Tuesday, July 26, 2011

"....they are very far from being what I know English gentlemen often are….."

Christy Somer wrote in Janeites: "There is a recollection from a Mrs. Ann Barrett (who lived at Alton during 1813-1816) this is what she records about JA's thoughts on two of her heroes:

"...To the question `which of your characters do you like best?' she once answered, "Edmund Bertram and Mr. Knightley; but they are very far from being what I know English gentlemen often are….."

I replied as follows:

That quotation comes from the same portion of JEAL's Memoir in which he also wrote the following whopper:

"Her own relations never recognised any individual in her characters..."

Which, in my opinion, is the most extreme example of protesting too much (and too falsely) in the history of biographies.


But putting that aside, I am willing to assume for argument's sake that _ JEAL has accurately quoted Mrs. Barrett _and_ that Mrs. Barrett has accurately quoted JA, but let's take a closer look at the above quotation as to the characters whom JA liked best:


"Edmund Bertram and Mr. Knightley; but they are very far from being what I know English gentlemen often are….."

That sentence can plausibly be construed in two completely _opposite_ ways, i.e., as their being very far _above_ the typical English gentleman, or very far _below_ the typical English gentleman.
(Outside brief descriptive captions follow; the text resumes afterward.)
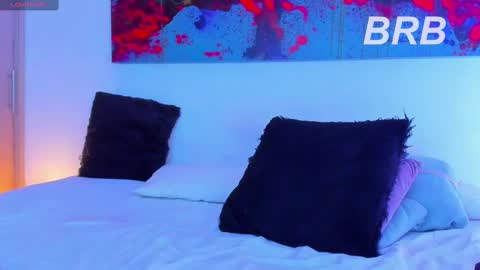   online show from 26, 2, 2025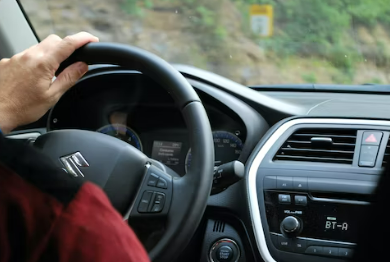 자동차 핸들에서 소리나는 원인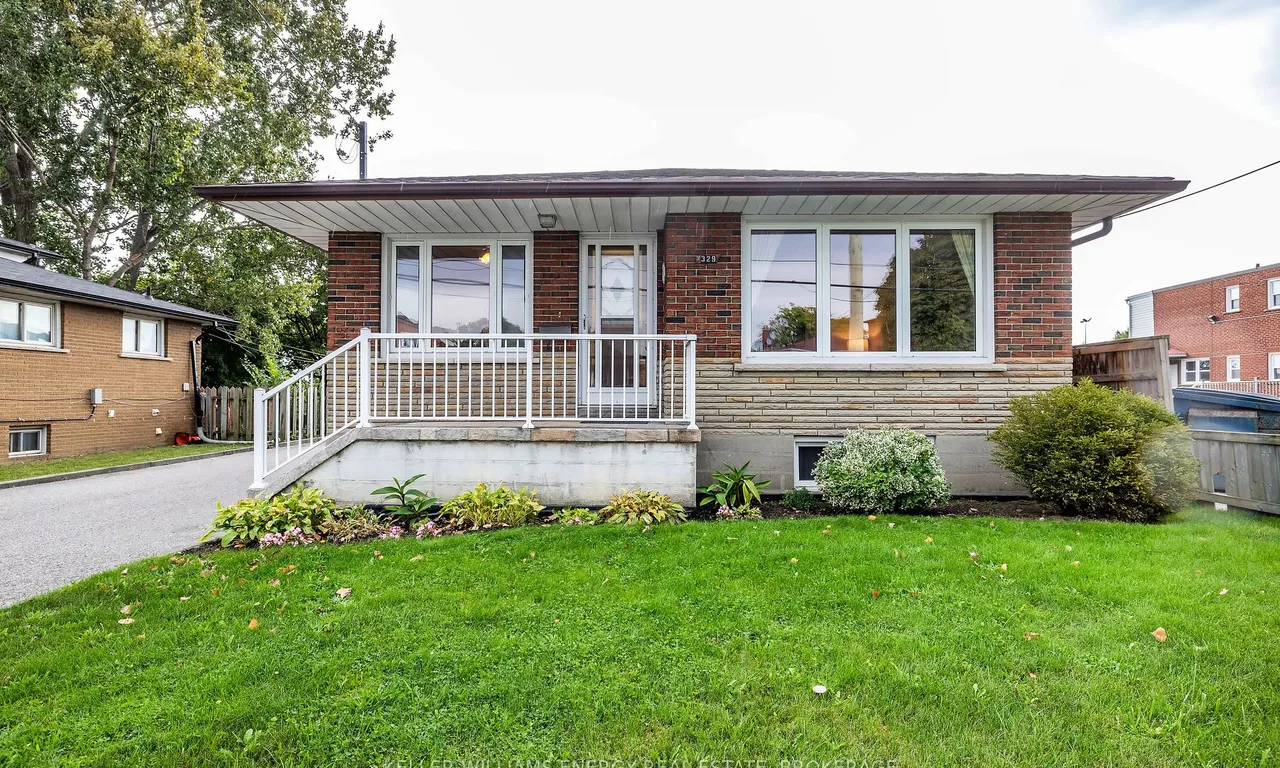 329 Malaga Rd, Oshawa, ON L1J 1N6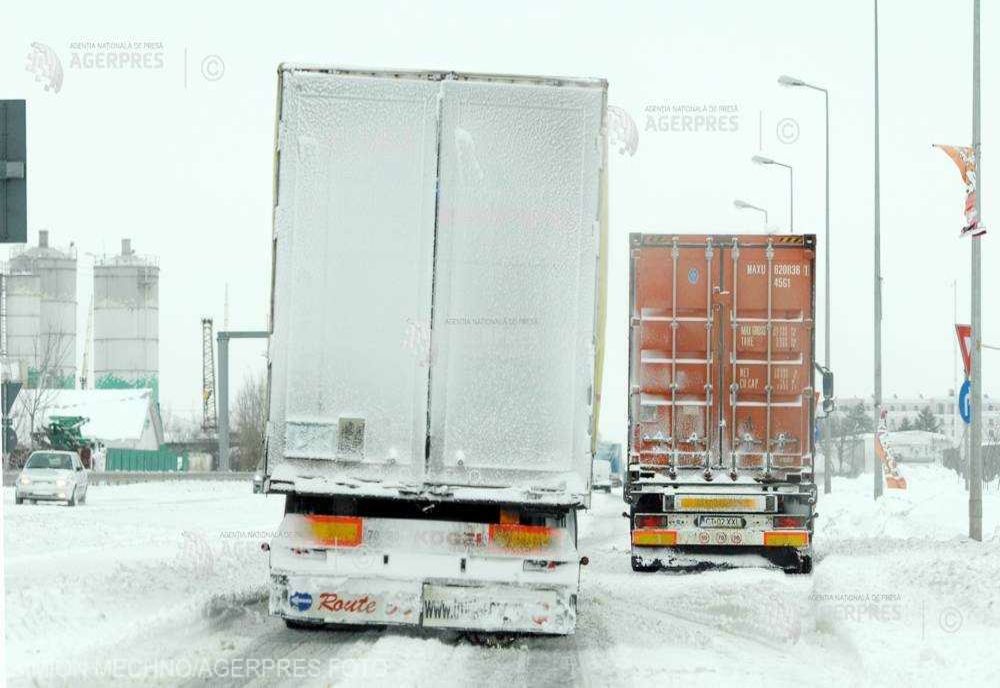 Prahova. TIR-uri oprite pe DN 1A, unde se circulă în condiții de iarnă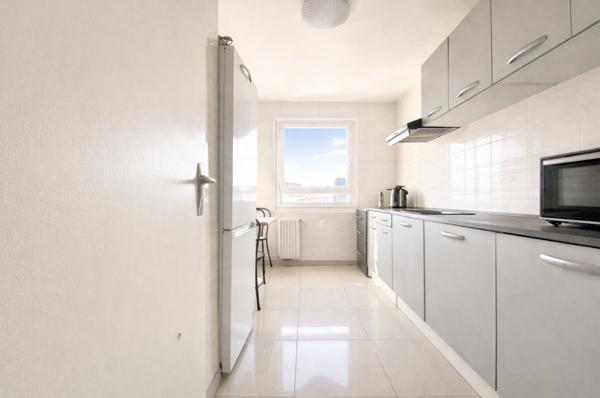 Paris (75018) F3 de 51 m² avec box, cave et vue incroyable –Fort potentiel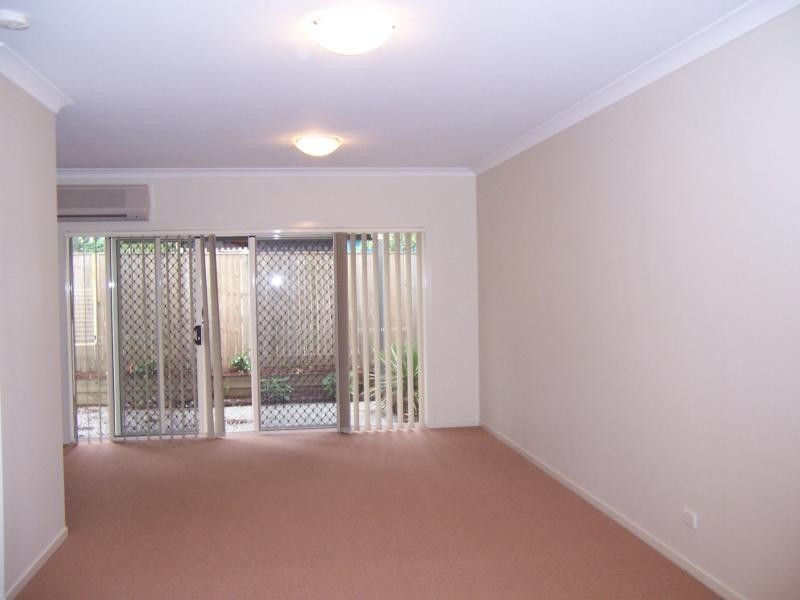 8/54 Riverhills Rd, Eagleby QLD 4207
And the word "but" is part of that ambiguity---it could mean "I like them _but_ men of that high quality are rare", or it could mean "I like them _but_ they are not really the best of gentlemen."

And Kishor Kale, if he is out there reading along at this moment, would chime in that the above sentence is in exactly the same ambiguous vein as the following sentences he discussed in his excellent paper about ambiguous sentences in P&P:

Mrs. Bennet: "My dear Mr. Bennet, you must not expect such girls to have the sense of their father and mother" (29).

Mr. Collins: "She is the sort of woman whom one cannot regard with too much deference" (157).

Wickham: "Exceedingly well. I should have considered [making sermons] part of my duty, and the exertion would soon have been nothing "(328).

Mr Bennet: "If this be the case, he deserves you. I could not have parted with you, my Lizzy, to any one less worthy" (377).

Perhaps JA was treating Mrs. Barrett the same way she treated James Stanier Clarke, turning her into an unwitting conveyor of a veiled negative judgment on two of her literary creations.